» **GIVEN ENTRIES**:
▬▬▬

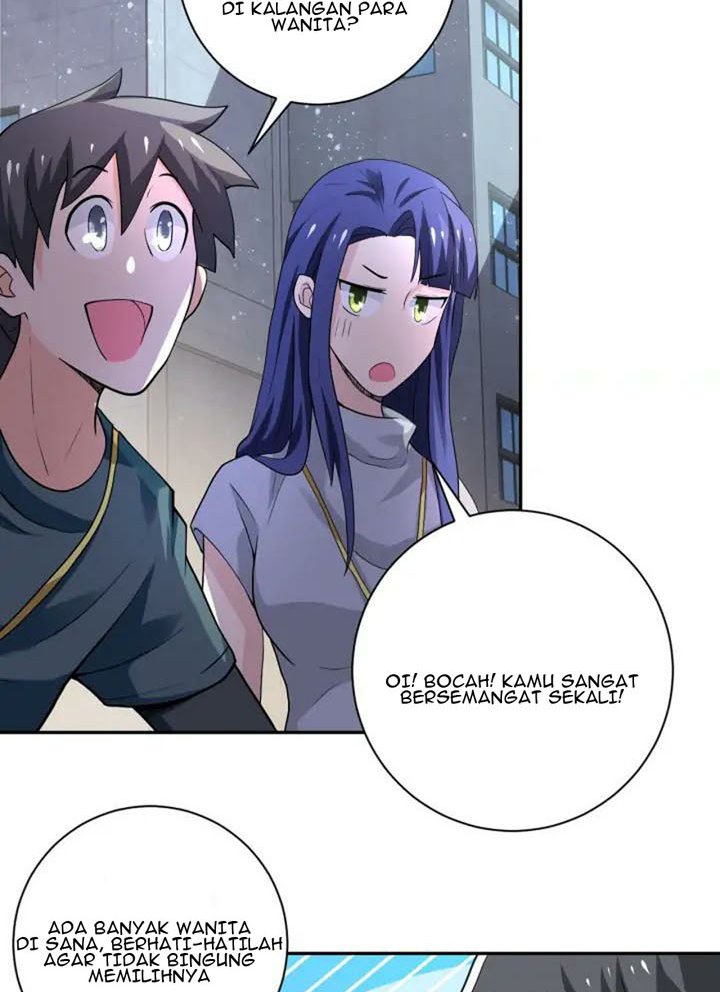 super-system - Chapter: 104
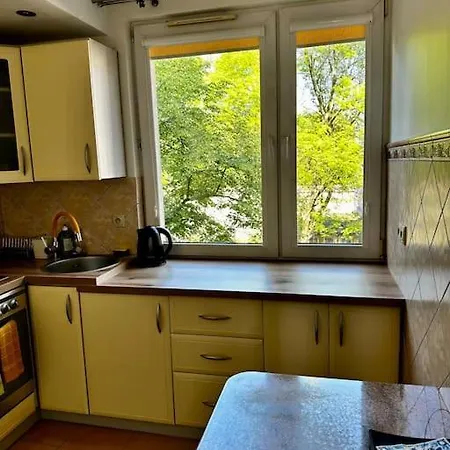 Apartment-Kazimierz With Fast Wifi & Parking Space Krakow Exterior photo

▬▬▬

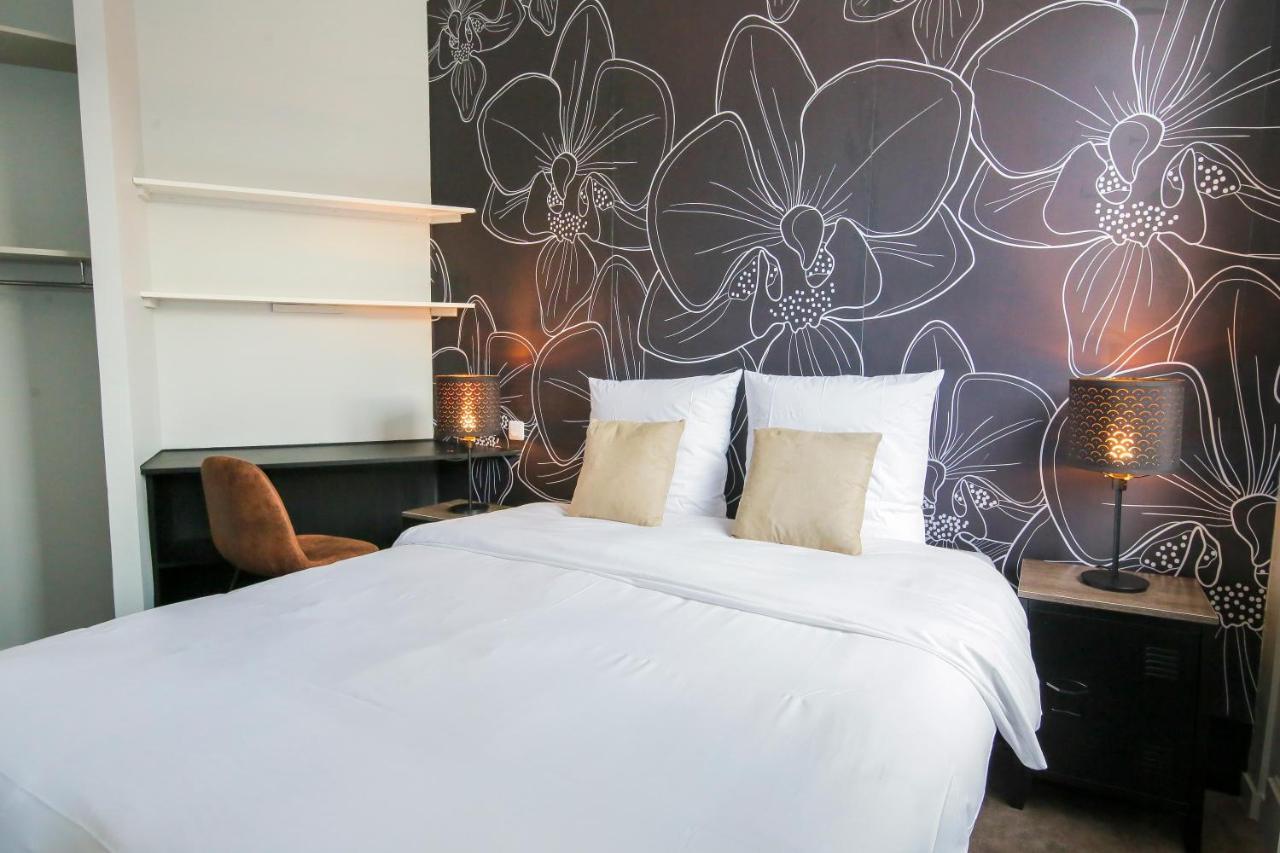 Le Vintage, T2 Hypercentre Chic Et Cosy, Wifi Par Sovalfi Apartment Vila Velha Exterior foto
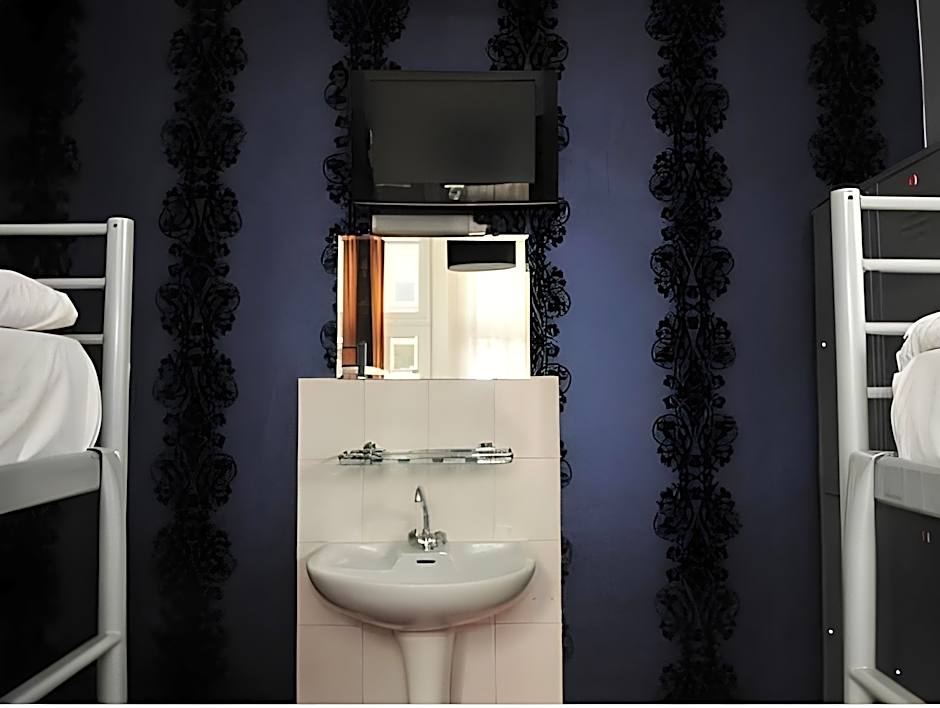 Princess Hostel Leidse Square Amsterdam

▬▬▬

» **EXERCISE PROMPT**:
Copy the lines above exactly, starting with the line that contains "super-system - Chapter: 104" and ending with the line that contains "Apartment-Kazimierz With Fast", and leave out any pictures.

» **ANSWER TO THIS EXERCISE**:
 super-system - Chapter: 104
 Apartment-Kazimierz With Fast Wifi & Parking Space Krakow Exterior photo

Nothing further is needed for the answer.